Cokey Roberts spoke the truth on ABC News "This Week" today when she said:
I agree with Hillary Clinton, as you quoted her earlier, saying well, if we had gotten into Syria when the rebels were begging us to come in and saying here we are, trying to secure our freedom, where is America, then you wouldn't have had this group filling the vacuum.
Relying on regional strongmen to stop the Islamic State won't work. They have helped create it. In Syria, Bashar Al-Assad let the jihadists out of jail as soon as the revolution began because he needed a fake opposition. Many of the jihadists and criminals he freed went on to become founding members of ISIS. After the Free Syrian Army liberated Raqqa, Assad bombed them mercilessly. After ISIS took it over, there were no air strikes on them. Assad gave them safe haven. They were his poster boy "enemies" but he never attacked them. He left them to grow and flourish until they were ready to spread to the fields so well prepared by Maliki in neighbouring Iraq.

Prime Minister Nouri al-Maliki has led the Iraqi government the United States left in charge when it ended its occupation in such a sectarian fashion that much of the Sunni community has been in open revolt against his Shiite regime. His sectarianism has led to such desperation among these Sunnis that they have been willing to ally themselves even with the likes of ISIS if it promises a change in the situation. He has obviously been unable to build a national army willing to stand and fight for its country with the sorry result that many of the arms with which he has been so generously supplied are now in the hand of ISIS, making it better armed with US weapons than any group fighting against it.

In Egypt, President Abdel Fatah al-Sisi's criminalization of the Muslim Brotherhood, the executions of their members, banning of their legal organizations and exclusion from electoral politics will only fuel the growth of jihadist terror groups. Throughout the region we can see that these secular fascist strongmen do more to engender than discourage the growth of these religious fascist organizations. They are two sides of the same coin. The solution to both is a free people operating in an atmosphere where all views can be aired and government is by and for the people.

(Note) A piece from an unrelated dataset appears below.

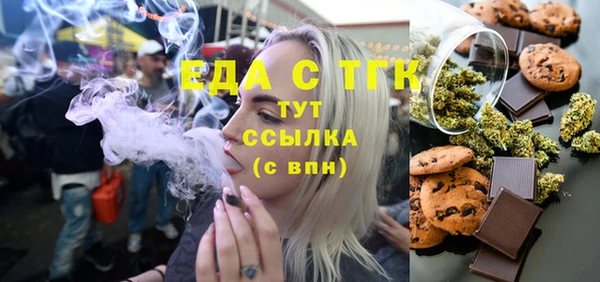таблы Алексеевка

For more than three years there has been a little drama going on in Syria that has been too little noticed by the world. As a component part of the Arab uprisings in the Spring of 2011, a large section of the Syria people, composed of and representing every sect and religion, rose up to demand an end to the forty-year-old Assad Baathist dictatorship. With the full support of Putin's Russia, and regional support from Iran and Iraq, Bashar al-Assad has responded with the genocidal policy of wholesale murder against any group that opposes his rule.

The response of US President Obama and other world leaders with the power to intervene against this slaughter has been to look the other way and make statements. Because the struggle in Syria has been so one-sided, Assad won't step down and enjoys an endless weapon supply from his allies, while the Free Syria Army gets little from its so-called allies; the Syrian conflict became a festering wound in which ISIS could grow to become the danger it is today.

If the FSA had been given just a little help in the past, if Obama's CIA had even allowed it access to MANPADS and other heavy weapons from Libya, Qatar, China and other sources, the struggle in Syria would have been decided long ago and ISIS never would have had a chance to take root there. Still today, the best way to defeat ISIS now is to fight them in both Iraq and Syria. In Iraq, Obama should be encouraging reform in the government and support Kurdish forces confronting ISIS. In Syria he should be supporting and arming forces allied with the Free Syrian Army.

Air strikes alone can't defeat ISIS. That job will require boots on the ground and those ground forces can only be supplied by the freedom fighters in the neighborhood.